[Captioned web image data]
[Start of Attachment]
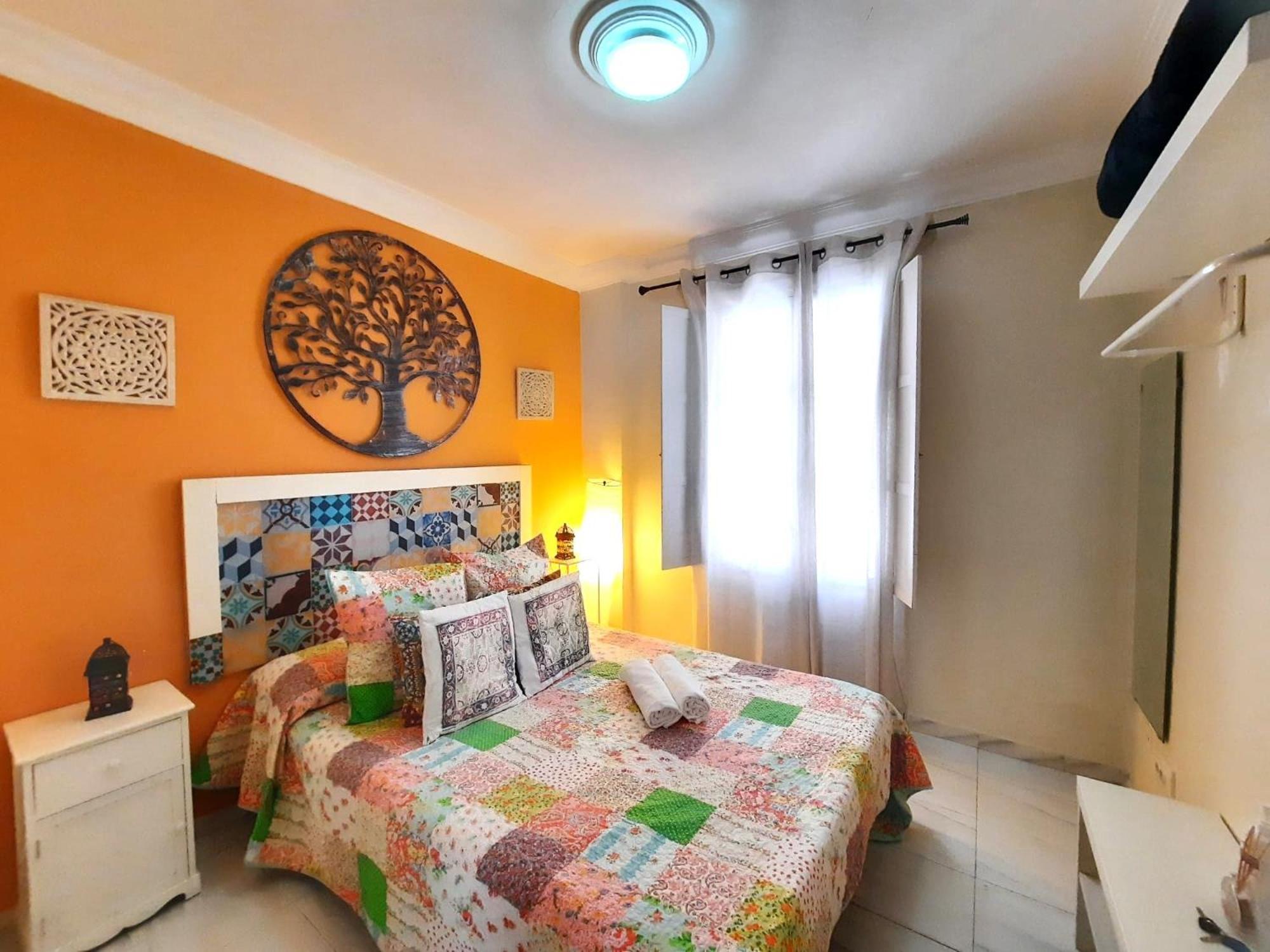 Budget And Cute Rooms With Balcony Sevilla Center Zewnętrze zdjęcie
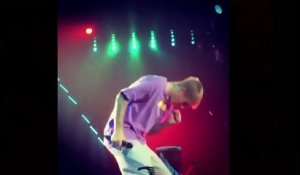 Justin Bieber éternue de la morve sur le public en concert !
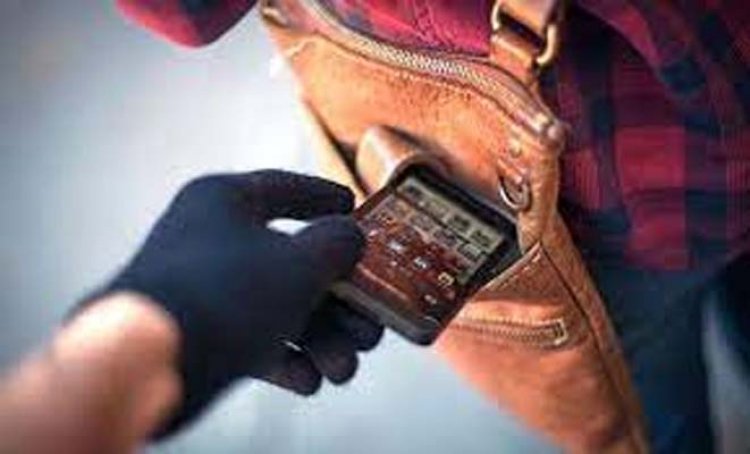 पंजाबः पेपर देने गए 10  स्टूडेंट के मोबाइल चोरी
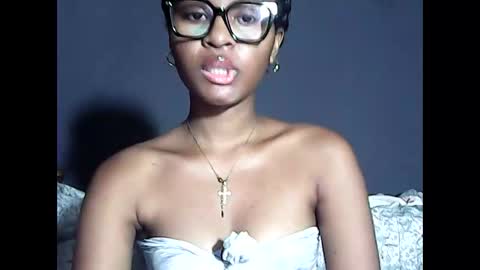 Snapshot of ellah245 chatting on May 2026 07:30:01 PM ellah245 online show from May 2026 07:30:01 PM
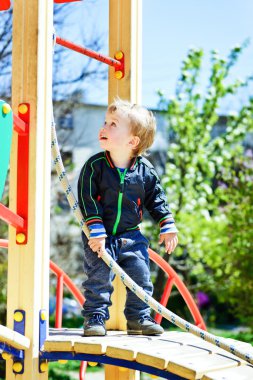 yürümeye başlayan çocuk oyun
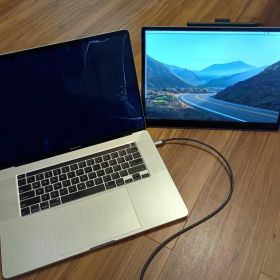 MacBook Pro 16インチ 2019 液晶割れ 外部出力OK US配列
[End of Attachment]
Return nothing except the lines from the line with "Justin Bieber éternue" through the last line of the records above, copied exactly and without pictures.

• Exercise response:
 Justin Bieber éternue de la morve sur le public en concert !
 पंजाबः पेपर देने गए 10  स्टूडेंट के मोबाइल चोरी
 Snapshot of ellah245 chatting on May 2026 07:30:01 PM ellah245 online show from May 2026 07:30:01 PM
 yürümeye başlayan çocuk oyun
 MacBook Pro 16インチ 2019 液晶割れ 外部出力OK US配列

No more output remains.